Atomistic simulations can provide a deep insight into the processes taking place in Ni/YSZ anodes. While the density functional theory method is one of the most rigorous atomistic approaches used in materials science, its applicability is limited to small systems of hundreds of atoms. Larger systems can be studied by molecular dynamics (MD) and Monte-Carlo simulations, which are based on empirical potentials. However, most of the potentials for YSZ are based on simple pairwise interactions and designed in the way to reproduce specific bulk properties. Unfortunately, their validity for studying surface and interface properties of Ni/YSZ systems is usually only presumed [1], which can lead to questionable results for such processes as nickel sintering and oxygen surface diffusion.

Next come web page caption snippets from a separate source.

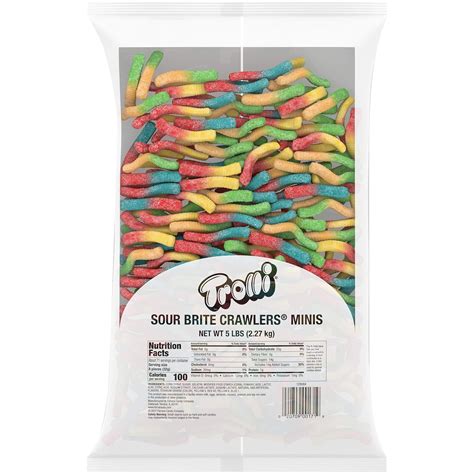 Trolli Sour Brite Crawlers Gummy Worms, 5 Pound Bulk Candy Bag Sour ...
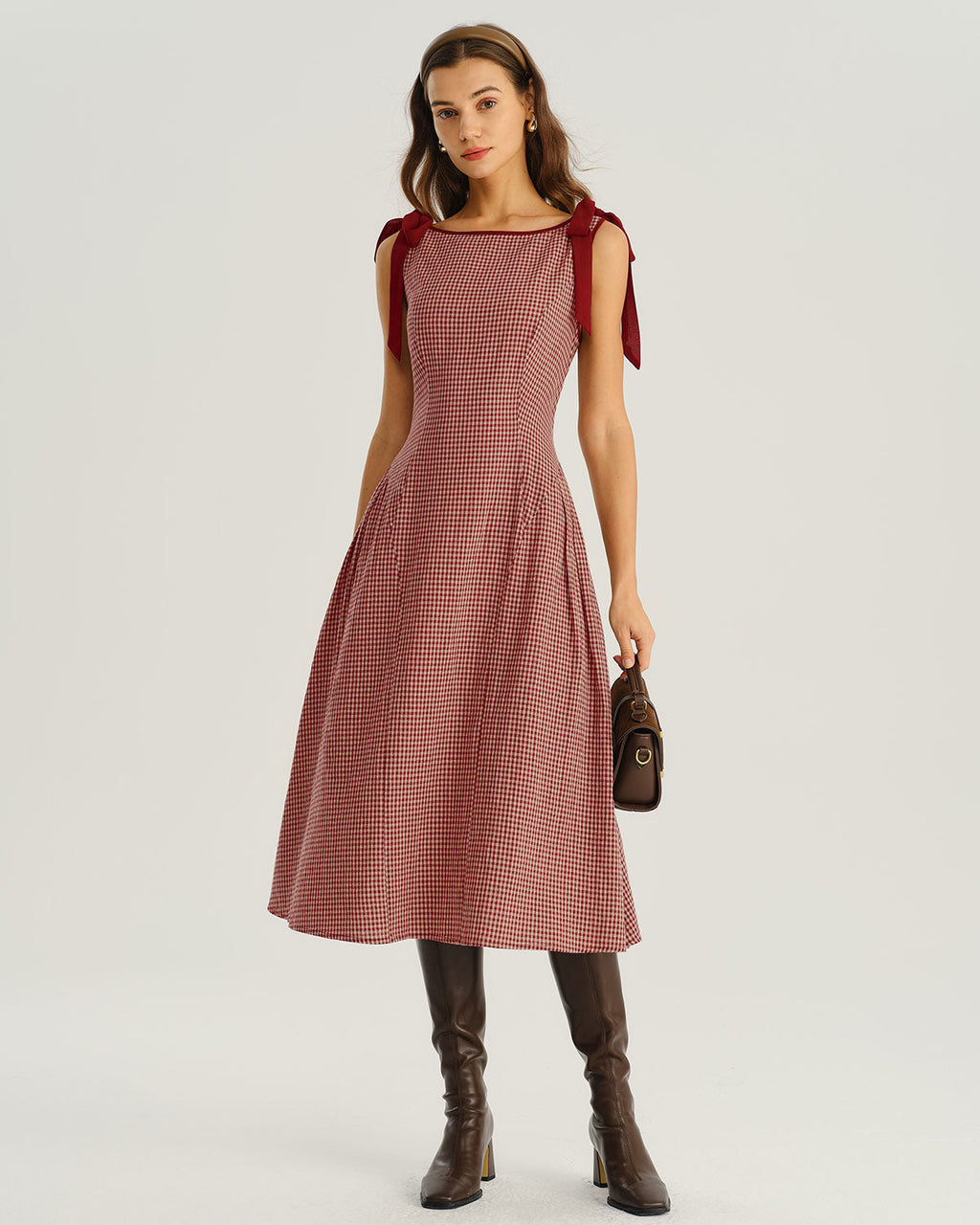 Red Gingham A-Line Midi Dress with Tie Straps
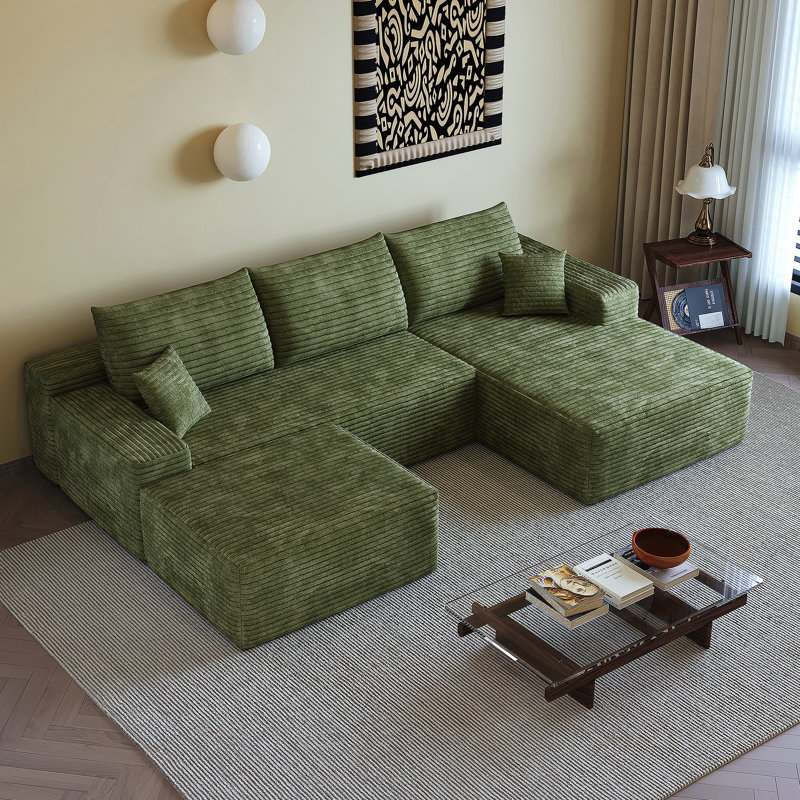 Canapé modulaire avec 1 repose-pieds, canapé rembourré avec méridienne orientée à droite, canapé en U pour le salon, Vert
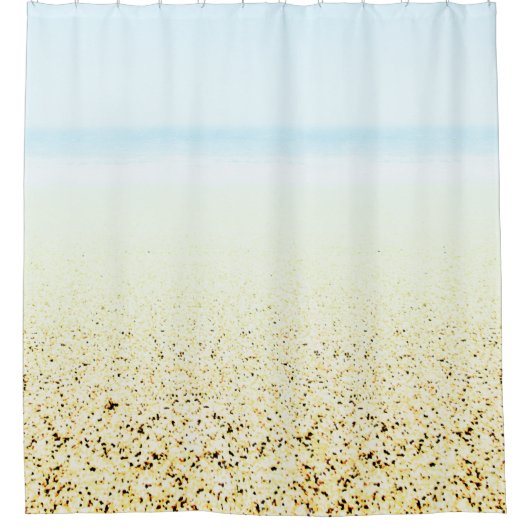 砂と海の穏やかな沿岸 シャワーカーテン (正面)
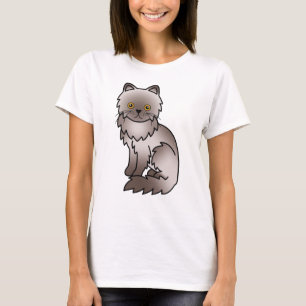 Lila Perser Süße Cartoon-Katze Illustration T-Shirt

Thus, in the present paper we develop a DFT-based model that purposefully aims for studying a wide range of processes in Ni/YSZ systems, including oxygen diffusion in bulk and surface regions of YSZ, yttrium surface segregation, and nickel sintering. Our model combines three types of interatomic interactions. The first one is based on the dipole model [2] and was parameterized for bulk and surface YSZ regions in our previous work [3]. It reproduces with a good accuracy not only bulk but also surface properties of YSZ. The second describes nickel by the embedded atom method [4]. The third is for interactions between Ni and YSZ and is described by a pairwise Buckingham potential, which was parameterized individually for different Ni/YSZ interfaces.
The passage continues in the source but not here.